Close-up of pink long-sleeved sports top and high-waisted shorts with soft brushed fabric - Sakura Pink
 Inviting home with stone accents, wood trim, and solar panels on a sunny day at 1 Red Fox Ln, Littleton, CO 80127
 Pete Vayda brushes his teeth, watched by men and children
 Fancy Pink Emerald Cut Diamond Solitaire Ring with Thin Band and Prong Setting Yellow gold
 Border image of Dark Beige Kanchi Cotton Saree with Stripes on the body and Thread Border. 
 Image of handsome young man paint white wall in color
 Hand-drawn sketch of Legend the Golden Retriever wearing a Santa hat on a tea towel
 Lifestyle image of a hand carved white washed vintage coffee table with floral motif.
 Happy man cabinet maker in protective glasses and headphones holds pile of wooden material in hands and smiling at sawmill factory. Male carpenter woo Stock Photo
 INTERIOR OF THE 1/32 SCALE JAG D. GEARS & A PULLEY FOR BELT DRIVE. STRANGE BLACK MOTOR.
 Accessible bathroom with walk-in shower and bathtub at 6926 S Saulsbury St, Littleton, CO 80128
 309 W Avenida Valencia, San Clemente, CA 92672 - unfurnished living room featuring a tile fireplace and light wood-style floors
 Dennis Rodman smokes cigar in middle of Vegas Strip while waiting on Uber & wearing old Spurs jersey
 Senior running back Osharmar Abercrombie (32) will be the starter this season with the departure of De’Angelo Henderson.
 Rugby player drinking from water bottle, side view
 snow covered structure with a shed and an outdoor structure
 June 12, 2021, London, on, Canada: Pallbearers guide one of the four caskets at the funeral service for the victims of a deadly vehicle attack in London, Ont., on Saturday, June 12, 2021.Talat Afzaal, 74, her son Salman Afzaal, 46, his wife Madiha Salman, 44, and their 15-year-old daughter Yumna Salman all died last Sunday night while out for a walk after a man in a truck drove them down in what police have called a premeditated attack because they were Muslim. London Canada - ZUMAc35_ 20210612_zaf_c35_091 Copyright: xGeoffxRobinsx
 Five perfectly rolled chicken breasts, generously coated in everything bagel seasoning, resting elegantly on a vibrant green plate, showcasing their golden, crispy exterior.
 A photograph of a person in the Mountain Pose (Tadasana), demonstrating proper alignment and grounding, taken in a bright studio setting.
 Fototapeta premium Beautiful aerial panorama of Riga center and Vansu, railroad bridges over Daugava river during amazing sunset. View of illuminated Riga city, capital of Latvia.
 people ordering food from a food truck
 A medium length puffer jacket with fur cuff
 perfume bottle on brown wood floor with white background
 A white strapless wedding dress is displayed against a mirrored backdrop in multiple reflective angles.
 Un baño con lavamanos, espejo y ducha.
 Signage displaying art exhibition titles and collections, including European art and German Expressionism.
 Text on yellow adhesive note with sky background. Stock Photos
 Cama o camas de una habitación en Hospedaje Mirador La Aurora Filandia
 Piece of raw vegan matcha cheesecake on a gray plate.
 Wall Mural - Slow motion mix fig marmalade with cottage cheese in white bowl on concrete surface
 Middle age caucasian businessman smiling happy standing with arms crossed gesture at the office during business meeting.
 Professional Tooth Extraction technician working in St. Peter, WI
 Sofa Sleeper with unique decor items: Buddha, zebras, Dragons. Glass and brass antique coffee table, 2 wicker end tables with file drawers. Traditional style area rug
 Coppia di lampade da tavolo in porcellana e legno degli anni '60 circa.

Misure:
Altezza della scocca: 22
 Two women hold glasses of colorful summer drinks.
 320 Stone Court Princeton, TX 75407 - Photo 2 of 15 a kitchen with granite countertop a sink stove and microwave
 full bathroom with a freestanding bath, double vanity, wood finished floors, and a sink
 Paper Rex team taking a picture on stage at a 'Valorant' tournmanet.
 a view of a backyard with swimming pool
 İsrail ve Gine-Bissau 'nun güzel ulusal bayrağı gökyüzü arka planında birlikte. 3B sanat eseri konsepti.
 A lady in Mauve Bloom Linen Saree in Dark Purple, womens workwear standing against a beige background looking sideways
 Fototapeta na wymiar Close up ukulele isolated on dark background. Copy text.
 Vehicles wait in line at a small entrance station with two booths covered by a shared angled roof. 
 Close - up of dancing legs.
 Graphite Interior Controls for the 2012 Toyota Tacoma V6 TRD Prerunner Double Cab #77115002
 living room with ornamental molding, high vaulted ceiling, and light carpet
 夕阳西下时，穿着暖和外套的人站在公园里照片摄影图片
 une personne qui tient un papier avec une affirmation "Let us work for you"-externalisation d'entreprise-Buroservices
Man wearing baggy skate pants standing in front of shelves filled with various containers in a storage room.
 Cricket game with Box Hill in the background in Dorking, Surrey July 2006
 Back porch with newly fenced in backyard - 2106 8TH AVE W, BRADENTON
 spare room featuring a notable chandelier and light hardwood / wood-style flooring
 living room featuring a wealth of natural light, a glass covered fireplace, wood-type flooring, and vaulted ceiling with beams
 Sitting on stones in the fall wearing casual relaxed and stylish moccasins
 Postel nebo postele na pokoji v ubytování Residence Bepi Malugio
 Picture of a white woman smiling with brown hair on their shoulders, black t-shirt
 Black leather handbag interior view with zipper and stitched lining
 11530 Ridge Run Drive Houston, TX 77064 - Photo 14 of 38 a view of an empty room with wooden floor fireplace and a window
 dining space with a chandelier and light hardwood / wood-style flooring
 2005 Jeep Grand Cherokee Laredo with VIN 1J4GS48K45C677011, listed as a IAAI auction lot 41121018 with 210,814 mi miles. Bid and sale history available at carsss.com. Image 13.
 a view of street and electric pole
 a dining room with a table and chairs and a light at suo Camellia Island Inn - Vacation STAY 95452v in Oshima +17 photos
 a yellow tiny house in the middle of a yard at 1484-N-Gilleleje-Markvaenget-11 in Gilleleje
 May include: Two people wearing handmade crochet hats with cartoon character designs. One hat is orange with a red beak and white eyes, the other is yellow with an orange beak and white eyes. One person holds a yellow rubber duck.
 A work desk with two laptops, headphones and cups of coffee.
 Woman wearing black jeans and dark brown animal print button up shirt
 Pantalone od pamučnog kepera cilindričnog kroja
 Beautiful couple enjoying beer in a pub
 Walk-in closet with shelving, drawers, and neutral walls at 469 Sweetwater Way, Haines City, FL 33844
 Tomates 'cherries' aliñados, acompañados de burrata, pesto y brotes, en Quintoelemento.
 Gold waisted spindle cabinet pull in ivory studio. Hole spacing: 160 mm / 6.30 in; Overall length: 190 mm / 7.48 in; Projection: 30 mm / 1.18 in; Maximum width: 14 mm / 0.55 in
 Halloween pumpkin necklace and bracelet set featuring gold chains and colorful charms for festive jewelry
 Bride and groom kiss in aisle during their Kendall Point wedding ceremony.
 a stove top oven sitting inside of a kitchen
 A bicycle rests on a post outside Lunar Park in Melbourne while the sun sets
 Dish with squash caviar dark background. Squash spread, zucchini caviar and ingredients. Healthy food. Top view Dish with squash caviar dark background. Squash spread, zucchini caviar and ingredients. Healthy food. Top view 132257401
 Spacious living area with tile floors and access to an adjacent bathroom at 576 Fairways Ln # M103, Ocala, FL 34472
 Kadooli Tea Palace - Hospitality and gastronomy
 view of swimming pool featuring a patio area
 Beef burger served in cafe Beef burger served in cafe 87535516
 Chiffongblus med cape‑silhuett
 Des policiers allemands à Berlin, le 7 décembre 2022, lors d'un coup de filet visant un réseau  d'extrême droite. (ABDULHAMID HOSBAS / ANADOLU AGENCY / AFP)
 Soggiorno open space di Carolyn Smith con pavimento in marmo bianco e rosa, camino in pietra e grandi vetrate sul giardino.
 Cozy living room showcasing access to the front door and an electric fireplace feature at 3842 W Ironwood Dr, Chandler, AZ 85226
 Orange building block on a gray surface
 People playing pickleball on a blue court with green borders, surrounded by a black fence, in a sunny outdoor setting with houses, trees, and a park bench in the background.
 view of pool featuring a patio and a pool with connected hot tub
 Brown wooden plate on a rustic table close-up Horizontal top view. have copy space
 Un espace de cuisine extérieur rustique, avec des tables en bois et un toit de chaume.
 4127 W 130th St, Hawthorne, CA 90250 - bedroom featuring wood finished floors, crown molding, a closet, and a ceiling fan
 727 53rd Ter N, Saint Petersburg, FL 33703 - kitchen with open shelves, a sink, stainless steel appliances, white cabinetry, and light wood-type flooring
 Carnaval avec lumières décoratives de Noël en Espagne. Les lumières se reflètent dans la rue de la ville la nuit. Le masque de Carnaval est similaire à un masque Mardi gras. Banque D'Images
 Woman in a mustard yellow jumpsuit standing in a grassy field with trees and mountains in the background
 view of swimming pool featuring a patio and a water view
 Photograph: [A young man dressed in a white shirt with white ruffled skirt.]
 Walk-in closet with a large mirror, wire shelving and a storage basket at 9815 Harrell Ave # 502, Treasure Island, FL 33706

---

* ABOUT THIS EXERCISE: Among the records above, only the lines between the line holding "Un baño con lavamanos, espejo y ducha." and the line holding "Wall Mural - Slow", inclusive, are to be output, exactly as written.

* ANSWER SPACE:
 Un baño con lavamanos, espejo y ducha.
 Signage displaying art exhibition titles and collections, including European art and German Expressionism.
 Text on yellow adhesive note with sky background. Stock Photos
 Cama o camas de una habitación en Hospedaje Mirador La Aurora Filandia
 Piece of raw vegan matcha cheesecake on a gray plate.
 Wall Mural - Slow motion mix fig marmalade with cottage cheese in white bowl on concrete surface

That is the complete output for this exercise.